Before the NGEA, Minnesota lawmakers required Xcel Energy to build wind turbines as part of a 2005 deal to continue operating the electric services company’s fleet of nuclear power plants. Since that time, our electricity prices have increased almost twice as much as the national average.

This means Minnesota families and businesses have seen their electricity prices increase much faster than the national average for results that have been significantly worse, to date.

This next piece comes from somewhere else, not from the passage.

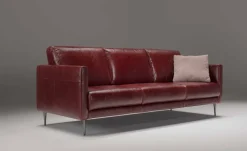 Divano lineare Divano zonda italia in pelle diverse colorazioni Md work: con uno SCONTO ESCLUSIVO del 45%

Other states have reduced their coal consumption by developing low-cost natural gas. For example, thanks to hydraulic fracturing, Pennsylvania became the second-largest natural gas producing state in the country. Its coal consumption reduced by 50 percent—double the rate of the coal reduction we’ve seen in Minnesota.

Not only has Pennsylvania doubled Minnesota’s reduction in coal consumption, the Keystone State has done so at a fraction of the cost. Since 2005, Pennsylvania has seen its electricity prices increase by only 18.5 percent, which is 41.4 percent less than the price hikes we’ve seen in Minnesota.

Minnesotans have watched their electricity prices surge because politicians and utility companies want to replace reliable, affordable coal-fired power plants with weather-dependent resources like wind and solar, which will require billions of dollars of expensive transmission lines to accommodate, as well as large quantities of natural gas fired electricity.

What’s to come in the future?

Renewable energy advocates will argue that Minnesota’s future coal reductions will be above average when Xcel Energy enacts its plan to prematurely retire its coal-fired power plants over the next decade. This claim will likely be true if Xcel is allowed to shut down these affordable, reliable sources of electricity, but it will come at a great cost.

American Experiment’s Mitch Rolling recently wrote an article explaining that Xcel’s plan to shutter its coal plants and replace them with a combination of wind, solar, and natural gas will cost its customers $46 billion through 2050 and cause electricity prices to rise by about 30 percent relative to today’s prices. This means the average Xcel Energy customer in Minnesota will pay nearly $1,200 in additional costs per year, every year through 2050. And the enormous costs associated with Xcel’s plan would avert just 0.0003 degrees Celsius of future global warming by 2100—an amount far too small to measure.

Minnesota’s rush to renewables has resulted in skyrocketing electricity prices for lackluster results. Repeating this mistake will continue to harm Minnesota families and businesses by making it more expensive to keep the lights on.

Instead of closing down our coal-fired power plants before the end of their useful lifetimes, Minnesota utilities should continue to use these affordable, reliable plants until it no longer makes economic sense to keep repairing them. Then, transitioning to reliable, low carbon sources of electricity such as nuclear and hydro power will yield the greatest reduction in carbon dioxide for the lowest cost.